Die Prostitution, 1. Teil - Das gelbe Haus
Das gelbe Haus
Der Kinematograph, Nr.633, 19.2.1919
Einer kleinen Zahl von Freunden zeigte Richard Oswald seinen neuen Film, das Dr. Magnus Hirschfeld" sche Tendenzwerk "Die Prostitution". Man kann beim Lesen der Anzeige verschiedener Meinung darüber sein, ob man schon heute, gleich nach der Milderung der Zensur, solche Themen für die Leinwand zurechtmachen soll. Es ist zu befürchten, daß die Kinofeinde bei ihrem Feldzug gegen die Zensurfreiheit auf solche "anstößigen" Titel hinweisen. Wenn man sich den Film angesehen hat, so werden wohl solche Bedenken verstummen müssen, da es sich hier nicht etwa um ein wildes Sensations-Radau-Stück, sondern um ein ernstes Werk von Bedeutung im Aufklärungskampf gegen das kasernierte und wilde Dirnentum handelt. (...)

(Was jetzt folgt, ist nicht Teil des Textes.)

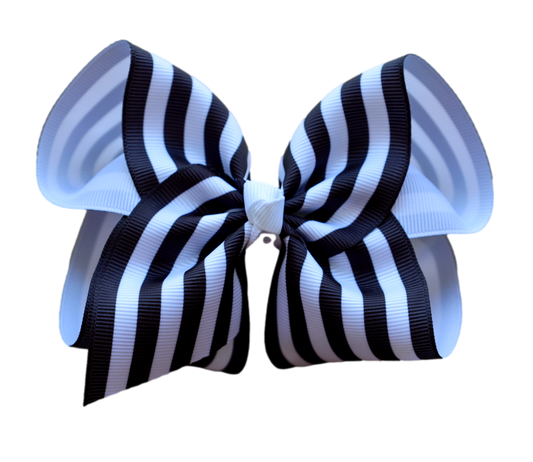 Black and White Stripe Hair Bow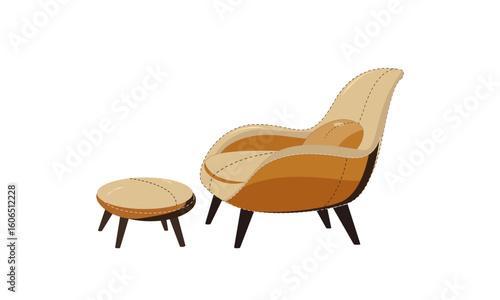armchair ottoman with stitched seams, cozy flat vector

Am meisten fesselt wie bei der Mehrzahl des Oswald-Films hier die Leistung der Darsteller. Anita Berber als Hauptvertreterin der Dirnen zeichnet eine trefflich lebenswahre Type. Man ist erstaunt, wie die Tanzkünstlerin mit Grazie und Geschick eine Filmdiva wird. Wenn man sich ihrer wenig ergötzlichen "Dreimäderl-Haus"-Leistung erinnert, muß man mit Genugtuung konstatieren, daß sie ausgezeichnete Fortschritte in der dramatischen Schauspielkunst gemacht hat. Ihre Gegenspielerin ist Gussy Holl. Zum erstenmal vor dem Kurbelkasten. Überraschend gut. Von einer Bildwirksamkeit, wie man sie nur ganz selten bei deutschen Flimmern findet. Auch bei ihr wundert man sich, wie aus der schlüpfrigen Überbrettldiva eine gesetzte, ernste Schauspielerin geworden ist. Von den weiblichen Hauptrollen ist dann noch Marga Köhler als Leiterin des gelben Hauses eine amüsable Figur. Die Herren haben gleichgute Darsteller: Conrad Veidt wie immer, tadelfrei in Maske und Mimik: Fritz Beckmann in einer Guido Herzfeld-Rolle und Ferdinand Bonn als "Agent" sind zwar wenig sympathische Erscheinungen, doch von einer entzückenden Komik. Bliebe noch Reinhold Schünzel, der nicht weicht von seiner Spezialität: der "gutmütige Jugendfreund". Auch dieses Mal spielt er ihn mit den bei ihm gewohnten Mitteln.